For his efforts he felt two bullets tearing through his torso like chariots of pain, causing him to crumple on the floor. His perception of the world began to fade away instantly, but with satisfaction he noted a volley of gunfire coming from the visitors' tunnel and the corresponding thud of Bantz's body falling behind him.
For a while he thought and felt nothing, besides a general acceptance that he was dead. Then, after an unguessable period of time, he found he could hear the sound of people walking around. A little light crept into his eyes, and in that light was a series of human shapes - another officer, shouting something. He was shouting for a medic. Another figure, presumably the medic, came bounding toward him, only to be stopped by one of the dark hooded figures who seemed to appear from nowhere and spoke in a calm, low voice:
"You will allow death to take him, colonel, as it has taken his foolish friend. They will come to no harm in the world beyond. The fewer who know of our work here, the better."
"But brother," said the colonel, "We had him lined up for retention in the site upgrade. His record is impeccable. And he's a KDF man! How can we abandon one of our own?"
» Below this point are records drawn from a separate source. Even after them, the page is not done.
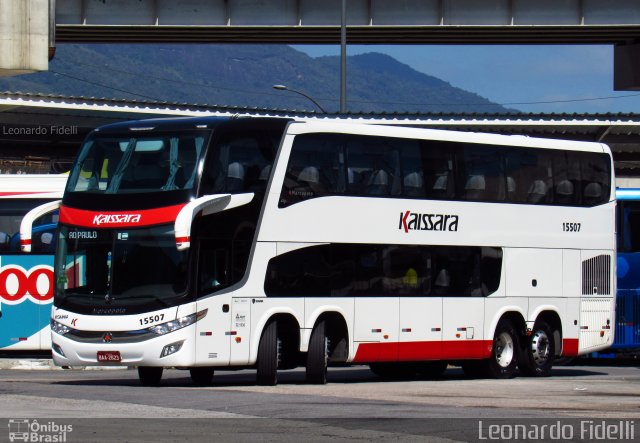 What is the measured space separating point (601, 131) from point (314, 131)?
38.7 meters

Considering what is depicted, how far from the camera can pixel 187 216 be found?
1956 cm

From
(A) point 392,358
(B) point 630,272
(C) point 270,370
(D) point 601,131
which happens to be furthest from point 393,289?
(D) point 601,131

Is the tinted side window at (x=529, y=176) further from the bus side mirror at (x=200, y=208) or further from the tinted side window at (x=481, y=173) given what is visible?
the bus side mirror at (x=200, y=208)

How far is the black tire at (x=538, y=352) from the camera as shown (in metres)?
25.1

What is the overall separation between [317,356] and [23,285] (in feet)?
31.8

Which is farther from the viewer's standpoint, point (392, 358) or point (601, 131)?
point (601, 131)

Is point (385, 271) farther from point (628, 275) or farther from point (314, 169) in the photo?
point (628, 275)

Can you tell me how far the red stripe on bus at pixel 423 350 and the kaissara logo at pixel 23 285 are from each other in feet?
29.7

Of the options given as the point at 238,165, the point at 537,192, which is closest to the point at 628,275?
the point at 537,192

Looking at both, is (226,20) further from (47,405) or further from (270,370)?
(47,405)

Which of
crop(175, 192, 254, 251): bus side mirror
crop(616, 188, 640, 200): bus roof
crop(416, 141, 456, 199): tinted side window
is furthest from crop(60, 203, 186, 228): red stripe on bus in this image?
crop(616, 188, 640, 200): bus roof

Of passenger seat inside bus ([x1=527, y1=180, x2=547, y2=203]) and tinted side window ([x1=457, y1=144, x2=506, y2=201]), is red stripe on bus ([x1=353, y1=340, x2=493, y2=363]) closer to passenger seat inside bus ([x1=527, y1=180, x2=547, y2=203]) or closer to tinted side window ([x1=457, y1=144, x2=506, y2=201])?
tinted side window ([x1=457, y1=144, x2=506, y2=201])

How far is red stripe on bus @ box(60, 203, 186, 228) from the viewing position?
19.9 metres

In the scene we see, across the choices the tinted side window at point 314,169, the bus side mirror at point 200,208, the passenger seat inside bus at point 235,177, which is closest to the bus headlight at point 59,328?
the bus side mirror at point 200,208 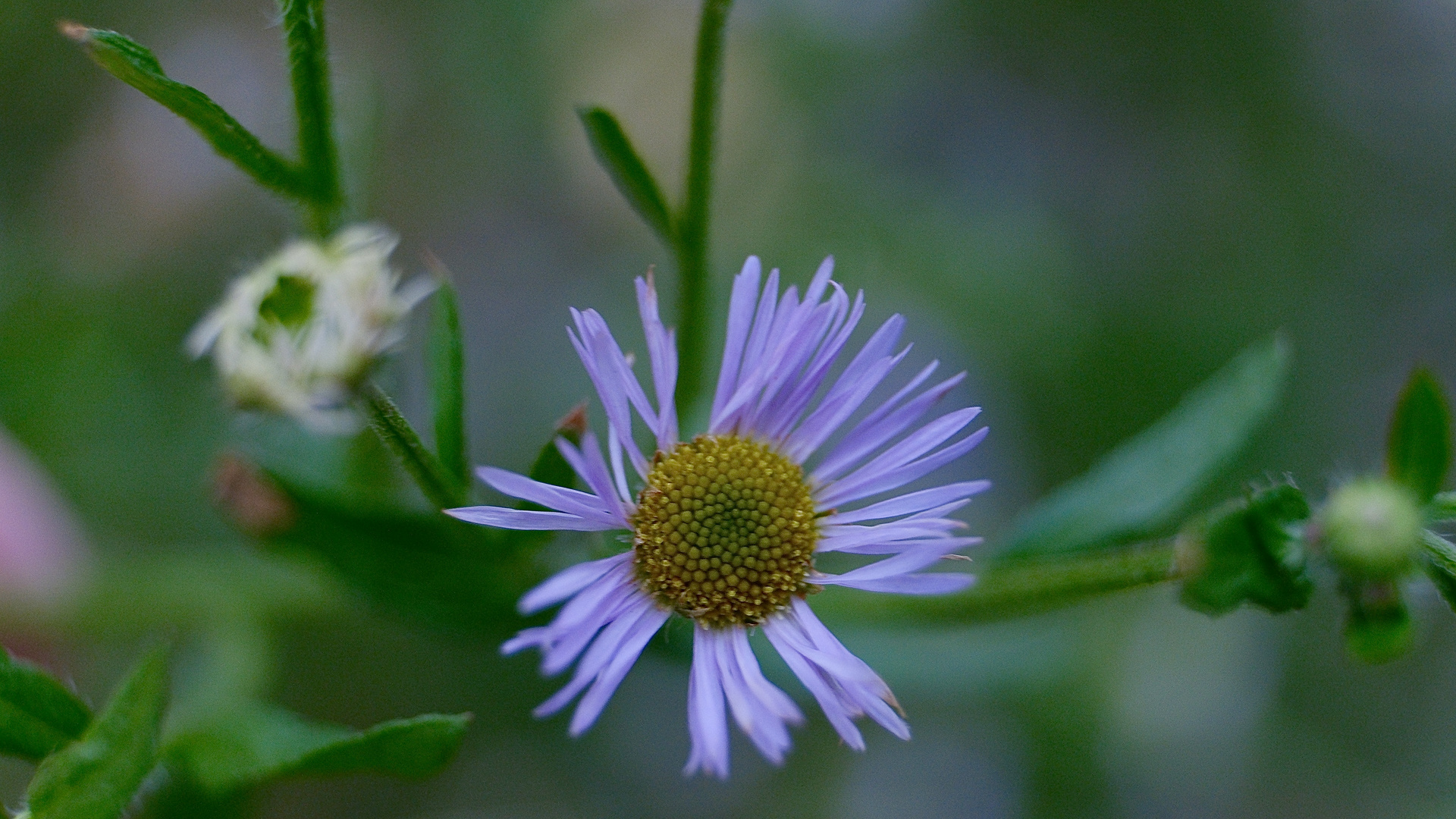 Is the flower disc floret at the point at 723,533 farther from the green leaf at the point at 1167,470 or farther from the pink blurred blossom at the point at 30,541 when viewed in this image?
the pink blurred blossom at the point at 30,541

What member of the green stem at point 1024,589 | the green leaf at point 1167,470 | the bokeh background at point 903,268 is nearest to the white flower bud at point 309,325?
the green stem at point 1024,589

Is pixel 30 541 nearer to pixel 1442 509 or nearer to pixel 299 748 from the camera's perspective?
pixel 299 748

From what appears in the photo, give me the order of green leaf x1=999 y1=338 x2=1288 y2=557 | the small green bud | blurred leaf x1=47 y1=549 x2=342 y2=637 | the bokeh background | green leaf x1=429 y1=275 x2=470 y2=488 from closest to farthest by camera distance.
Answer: the small green bud < green leaf x1=429 y1=275 x2=470 y2=488 < green leaf x1=999 y1=338 x2=1288 y2=557 < blurred leaf x1=47 y1=549 x2=342 y2=637 < the bokeh background

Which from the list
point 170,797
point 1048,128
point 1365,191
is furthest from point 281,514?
point 1365,191

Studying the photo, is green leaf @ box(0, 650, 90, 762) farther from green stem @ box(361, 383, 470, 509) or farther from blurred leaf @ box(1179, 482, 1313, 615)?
blurred leaf @ box(1179, 482, 1313, 615)

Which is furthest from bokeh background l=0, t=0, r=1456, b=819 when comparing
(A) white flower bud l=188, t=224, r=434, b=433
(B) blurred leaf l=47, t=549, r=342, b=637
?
(A) white flower bud l=188, t=224, r=434, b=433

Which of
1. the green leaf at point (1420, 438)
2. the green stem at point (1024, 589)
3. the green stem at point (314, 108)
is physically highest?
the green leaf at point (1420, 438) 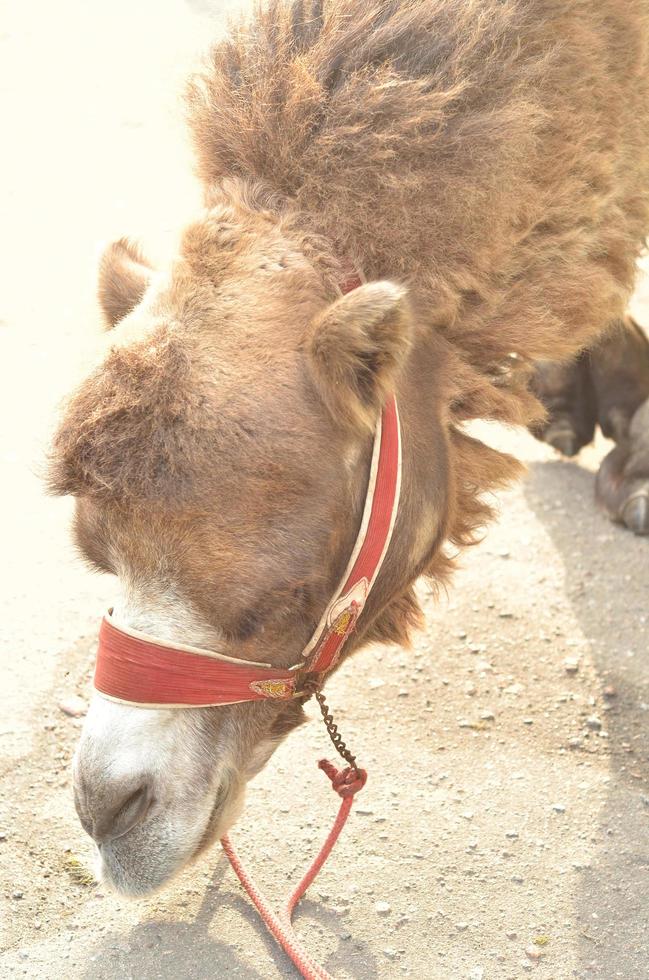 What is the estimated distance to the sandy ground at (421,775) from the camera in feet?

"Your sentiment is enlightened, colonel," said the hooded figure, "but fate has decided against you on this occasion, and I do not intend to debate the matter with the uninitiated. He will have the proper rites to send him on his way... of that you are assured."
A huff of frustration, and the colonel was gone. Florianov's attempted screams of protest were muted by his paralysed body, helpless to do anything but process his senses which began to sink away again. His last sight was a hand from the hooded figure's gaping sleeve, extending two fingers to press his eyelids closed.
"Farewell, warrior of the light. The Garden awaits you."